The output is the lines below from the one with "9ct Gold Seed" through the one with "A circular ornament", both included, printed exactly and with no other line.

Crawled caption data
--- --- ---
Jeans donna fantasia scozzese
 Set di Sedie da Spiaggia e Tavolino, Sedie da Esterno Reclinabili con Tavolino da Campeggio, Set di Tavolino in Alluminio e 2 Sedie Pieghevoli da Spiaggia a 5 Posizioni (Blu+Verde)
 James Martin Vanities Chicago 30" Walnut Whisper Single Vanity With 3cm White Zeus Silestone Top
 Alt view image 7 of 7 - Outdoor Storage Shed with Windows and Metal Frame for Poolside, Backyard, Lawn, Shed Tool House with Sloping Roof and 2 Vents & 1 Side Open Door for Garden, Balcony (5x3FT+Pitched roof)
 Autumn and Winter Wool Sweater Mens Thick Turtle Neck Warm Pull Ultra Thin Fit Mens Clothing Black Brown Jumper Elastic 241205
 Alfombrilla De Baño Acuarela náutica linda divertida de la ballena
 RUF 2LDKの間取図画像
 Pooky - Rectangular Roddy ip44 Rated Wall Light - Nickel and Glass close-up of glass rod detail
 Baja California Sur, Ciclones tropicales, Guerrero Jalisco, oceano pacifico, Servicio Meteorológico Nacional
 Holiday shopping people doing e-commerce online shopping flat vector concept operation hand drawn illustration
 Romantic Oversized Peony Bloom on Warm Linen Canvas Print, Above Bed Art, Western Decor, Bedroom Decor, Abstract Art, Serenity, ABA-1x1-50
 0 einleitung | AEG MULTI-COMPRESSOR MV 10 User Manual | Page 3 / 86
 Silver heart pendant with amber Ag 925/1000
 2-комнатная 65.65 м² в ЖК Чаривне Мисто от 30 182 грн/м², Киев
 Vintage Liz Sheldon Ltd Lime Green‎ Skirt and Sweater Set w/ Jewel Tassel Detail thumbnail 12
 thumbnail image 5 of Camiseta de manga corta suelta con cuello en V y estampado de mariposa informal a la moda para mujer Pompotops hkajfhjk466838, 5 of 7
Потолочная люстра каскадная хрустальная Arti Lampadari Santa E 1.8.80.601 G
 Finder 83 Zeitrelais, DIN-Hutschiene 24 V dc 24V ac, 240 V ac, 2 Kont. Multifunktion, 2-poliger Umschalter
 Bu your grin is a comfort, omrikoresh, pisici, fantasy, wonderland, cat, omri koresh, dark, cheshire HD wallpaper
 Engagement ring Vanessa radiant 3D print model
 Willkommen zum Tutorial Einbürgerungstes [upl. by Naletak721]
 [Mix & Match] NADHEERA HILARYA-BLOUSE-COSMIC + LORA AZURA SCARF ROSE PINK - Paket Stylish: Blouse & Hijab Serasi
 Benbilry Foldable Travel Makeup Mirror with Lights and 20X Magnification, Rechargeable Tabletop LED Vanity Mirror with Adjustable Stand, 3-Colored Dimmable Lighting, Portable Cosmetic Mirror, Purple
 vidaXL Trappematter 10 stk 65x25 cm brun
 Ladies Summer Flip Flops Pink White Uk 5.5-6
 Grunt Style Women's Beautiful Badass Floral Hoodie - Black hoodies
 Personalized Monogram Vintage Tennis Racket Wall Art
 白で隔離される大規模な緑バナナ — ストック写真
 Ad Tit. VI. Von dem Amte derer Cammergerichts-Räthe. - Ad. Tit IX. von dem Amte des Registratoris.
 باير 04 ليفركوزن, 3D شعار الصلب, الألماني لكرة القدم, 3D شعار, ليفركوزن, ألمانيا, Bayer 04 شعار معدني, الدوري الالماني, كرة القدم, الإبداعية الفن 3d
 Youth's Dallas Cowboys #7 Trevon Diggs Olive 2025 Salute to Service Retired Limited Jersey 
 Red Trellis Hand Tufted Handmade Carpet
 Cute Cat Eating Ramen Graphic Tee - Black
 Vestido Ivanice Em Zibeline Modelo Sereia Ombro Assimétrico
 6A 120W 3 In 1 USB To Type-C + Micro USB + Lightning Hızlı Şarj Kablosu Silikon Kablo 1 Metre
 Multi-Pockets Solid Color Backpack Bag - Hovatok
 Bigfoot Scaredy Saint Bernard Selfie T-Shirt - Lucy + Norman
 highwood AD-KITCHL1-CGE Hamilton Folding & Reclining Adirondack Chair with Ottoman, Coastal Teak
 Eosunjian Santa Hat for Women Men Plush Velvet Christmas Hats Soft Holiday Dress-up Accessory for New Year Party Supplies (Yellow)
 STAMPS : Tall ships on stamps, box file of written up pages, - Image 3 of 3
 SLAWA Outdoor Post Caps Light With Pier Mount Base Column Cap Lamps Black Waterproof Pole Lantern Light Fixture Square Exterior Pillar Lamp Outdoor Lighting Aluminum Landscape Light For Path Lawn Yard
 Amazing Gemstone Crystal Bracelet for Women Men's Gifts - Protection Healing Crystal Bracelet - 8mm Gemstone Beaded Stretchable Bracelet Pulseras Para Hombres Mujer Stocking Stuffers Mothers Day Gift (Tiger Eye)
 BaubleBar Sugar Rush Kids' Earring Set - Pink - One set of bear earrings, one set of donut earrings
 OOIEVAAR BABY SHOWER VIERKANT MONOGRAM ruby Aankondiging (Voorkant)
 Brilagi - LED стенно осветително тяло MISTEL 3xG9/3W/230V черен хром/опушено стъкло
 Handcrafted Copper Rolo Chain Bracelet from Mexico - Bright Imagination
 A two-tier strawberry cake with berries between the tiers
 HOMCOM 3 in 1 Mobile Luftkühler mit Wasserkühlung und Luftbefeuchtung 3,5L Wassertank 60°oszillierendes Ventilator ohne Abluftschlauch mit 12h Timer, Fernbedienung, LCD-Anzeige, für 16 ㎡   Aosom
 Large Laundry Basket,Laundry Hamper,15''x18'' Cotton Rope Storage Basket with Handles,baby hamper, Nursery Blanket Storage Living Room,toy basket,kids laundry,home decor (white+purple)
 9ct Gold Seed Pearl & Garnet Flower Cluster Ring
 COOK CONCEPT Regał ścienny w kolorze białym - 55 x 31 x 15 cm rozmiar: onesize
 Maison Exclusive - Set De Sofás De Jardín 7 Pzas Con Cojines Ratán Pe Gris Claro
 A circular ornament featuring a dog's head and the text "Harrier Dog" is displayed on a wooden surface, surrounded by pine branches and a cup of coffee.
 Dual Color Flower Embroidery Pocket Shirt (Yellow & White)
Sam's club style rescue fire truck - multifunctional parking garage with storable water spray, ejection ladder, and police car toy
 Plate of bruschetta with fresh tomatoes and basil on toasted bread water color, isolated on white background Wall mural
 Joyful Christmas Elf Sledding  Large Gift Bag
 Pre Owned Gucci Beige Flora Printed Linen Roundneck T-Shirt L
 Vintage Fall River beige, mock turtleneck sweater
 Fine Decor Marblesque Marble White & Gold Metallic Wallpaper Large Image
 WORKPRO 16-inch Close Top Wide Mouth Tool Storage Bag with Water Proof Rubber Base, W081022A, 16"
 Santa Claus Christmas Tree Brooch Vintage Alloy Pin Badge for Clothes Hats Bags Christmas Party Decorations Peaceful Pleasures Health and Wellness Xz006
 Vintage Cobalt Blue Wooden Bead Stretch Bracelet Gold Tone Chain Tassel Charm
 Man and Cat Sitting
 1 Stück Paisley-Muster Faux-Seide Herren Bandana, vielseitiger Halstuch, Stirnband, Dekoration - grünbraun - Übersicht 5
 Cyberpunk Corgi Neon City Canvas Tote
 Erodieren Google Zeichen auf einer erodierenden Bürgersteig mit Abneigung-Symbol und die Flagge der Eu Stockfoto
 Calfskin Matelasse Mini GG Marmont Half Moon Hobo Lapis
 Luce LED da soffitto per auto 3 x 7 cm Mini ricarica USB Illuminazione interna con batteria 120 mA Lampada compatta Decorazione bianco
--- --- ---
Response
 9ct Gold Seed Pearl & Garnet Flower Cluster Ring
 COOK CONCEPT Regał ścienny w kolorze białym - 55 x 31 x 15 cm rozmiar: onesize
 Maison Exclusive - Set De Sofás De Jardín 7 Pzas Con Cojines Ratán Pe Gris Claro
 A circular ornament featuring a dog's head and the text "Harrier Dog" is displayed on a wooden surface, surrounded by pine branches and a cup of coffee.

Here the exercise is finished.